§ Work task: Will you write out the data exactly, excluding every picture?

§ Given material:
============================================================

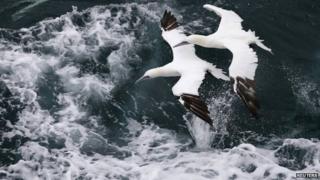 Gannet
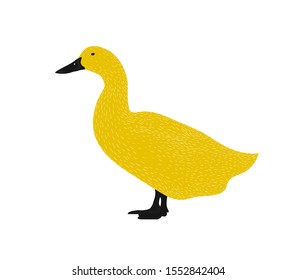 Duck illustration silhouette. Isolated black and yellow animal illustration. Vector Illustration. Line art drawing, modern design. Farm element.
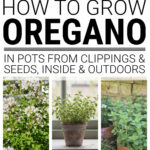 Collage of images about growing oregano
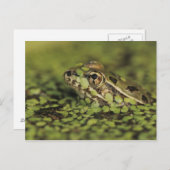 Carte Postale Grenouille Léopard Rio Grande, Rana berlandieri, (Devant / Derrière)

============================================================

§ Task response:
 Gannet
 Duck illustration silhouette. Isolated black and yellow animal illustration. Vector Illustration. Line art drawing, modern design. Farm element.
 Collage of images about growing oregano
 Carte Postale Grenouille Léopard Rio Grande, Rana berlandieri, (Devant / Derrière)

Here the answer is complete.